The filings, submitted to the New York Southern Bankruptcy Court late yesterday, are for a Chapter 7 bankruptcy – akin to liquidation in the UK – which allows the debtor to escape without having to file a repayment plan*.

Cambridge Analytica is the firm at the heart of the Facebook data harvesting scandal, which hit headlines following revelations that it bought user data from a Cambridge Uni academic, Aleksandr Kogan.

The Social Network has come under fire for broad developer policies that allowed the mass slurp of users' friends' data, but has insisted that Kogan is at fault because the terms didn't allow him to pass that data on.

Meanwhile, Cambridge Analytica and its parent firm SCL were hit by further scandal when Channel 4 News filmed their director, Alexander Nix, appearing to offer up honey-traps, bribes and more to reporters posing as prospective clients.

The affair has – unsurprisingly – tainted Cambridge Analytica's name and, despite previous insistence that everything was fine, the company this month confirmed it was shutting down, complaining that it had been "vilified" for legal and commonplace online marketing activities.

The proceedings started in the UK, where Cambridge Analytica and its various affiliates filed for insolvency on 2 May.

The latest US filings offer up more detail on the firms, showing that Cambridge Analytica has estimated assets (PDF) of between $100,001 and $500,000 and estimated liabilities of $1m to $10m, with between one and 49 creditors.

Its affiliate, SCL USA Inc (PDF), has between 50 and 99 creditors, estimated assets of up to $50,000 and estimated liabilities of between $1m and $10m.

The web-like nature of the businesses, which were founded by a similar set of people, have been one of the more confusing aspects of the firms' operations, and the filings list the various names and affiliations.

Affiliate companies in the UK are listed as: SCL Group Ltd; SCL Analytics Ltd; SCL Commercial Ltd; SCL Social Ltd; SCL Elections Ltd; and Cambridge Analytica (UK) Ltd – all of which filed for insolvency on 2 May.

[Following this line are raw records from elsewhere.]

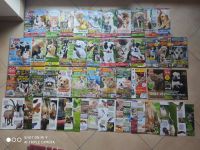 Ein Herz für Tiere 32 Zeitschriften Poster Nordrhein-Westfalen - Hennef (Sieg) Vorschau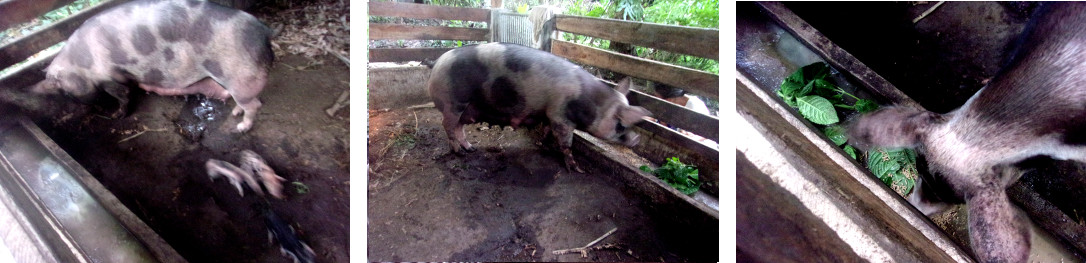 IMages of tropical backyard sow eating
        after recovering from farrowing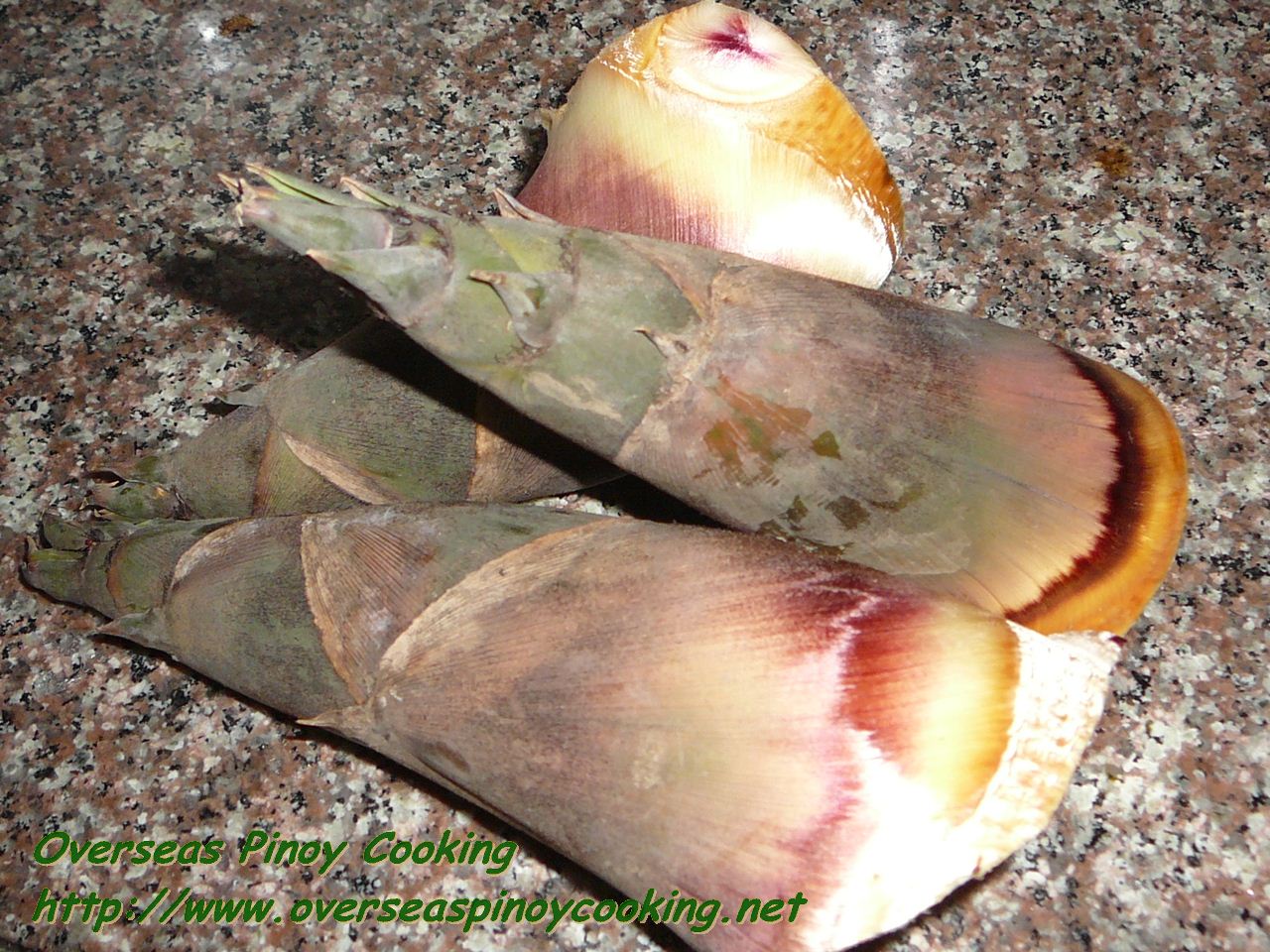 Sautéed Ilocano Vegetables with Ground Pork Filipino Recipe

Other names used by Cambridge Analytica US LLC are listed as: Cambridge Analytica Commercial LLC; Cambridge Analytica Political LLC; and Anaxi Solutions Inc.

However, as previously reported, a number of the execs behind the embattled firms have already set up their next outfit, Emerdata.

That company, incorporated in August 2017, gives its activities as "data processing, hosting and related activities" on the Companies House website, a repository of UK companies.

It was set up by Julian Wheatland – the chairman of SCL Group, who signed the bankruptcy filing for Cambridge Analytica US – as the director.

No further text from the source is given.